Tuesday, September 15, 2009

Current Trade Deficit Thoughts

According to the latest trade deficit numbers of the US Bureau of Economic Analysis, "total US exports in July 2009 were $127.6 billion and US imports were $159.6 billion". In the short term, imports have increased by $7 billion over June 2009, and exports increased by about $3 billion over the same time. Typical of the US, we are consuming much more than we are producing. "The gap between US imports and exports grew by 16%, the most in a decade" per Bloomberg.

Here is the breakdown of some important US trade numbers via the US Census Bureau Foreign Trade Statistics:

US trade deficit increased by approximately:
$4 billion with the European Union to $8 billion
$2 billion with China to $20 billion

$1 billion with Canada to $2.2 billion
$1 billion with Germany to $3.2 billion

$500 million with Venezuela to $2.3 billion

$200 million with Japan to $3.9 billion


Obviously the US trade surplus is increasing at a slower rate, here are our top six trade surpluses (numbers are approximations):
$1.3 billion with Hong Kong
$1.1 billion with Netherlands

$950 million with Australia

$870 million with Belgium

$787 million with United Arab Emirates

$500 million with Singapore


The good news is that the US trade deficit at $32 billion has decreased by over half since hitting a monthly record of $65 billion in July 2008. Since the US dollar has been weak lately, our exports have potential of increasing because they will be more competitive in global markets. On the other hand, we are losing many of our manufacturing jobs and the workforce is still contracting, so even if other countries want to purchase our products, what volume of products will we have to sell? We will see what happens to the trade deficit for August.
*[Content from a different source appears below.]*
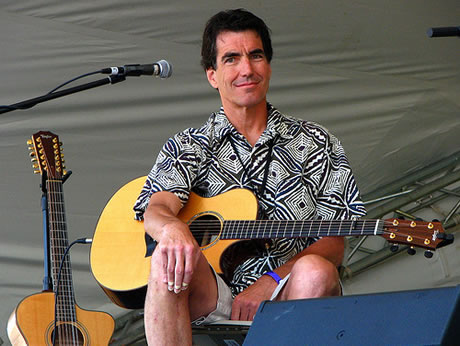 Chris Proctor at Vancouver Music Festival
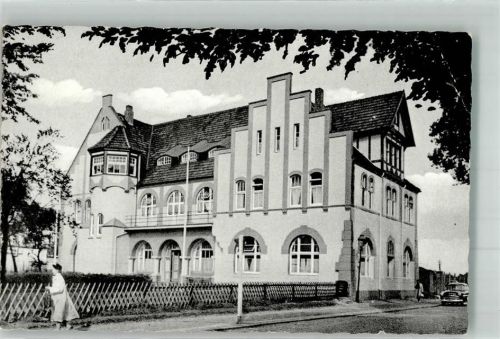 Heide 1959 Pension Internat der KFZ-Meisterschule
Since the US has had a trade deficit for a prolonged amount of time, the difference is essentially debt. The larger the debt is the more likely it is for investors to believe that demand for our products is decreasing. As such, I believe if the deficit continues to get larger it is likely to have a negative effect on the stock market. Less buying of our goods from other countries hurts producers in the US and their respective company's stock market values. Investors like Peter Schiff realize there are few investment opportunities domestically, that is why he invests a large percent of his assets overseas and in commodities. I myself think we are headed for a 'W' shaped stock market pattern where we are near the top, and within a short period of time (six months or sooner) we will have a pullback in the market.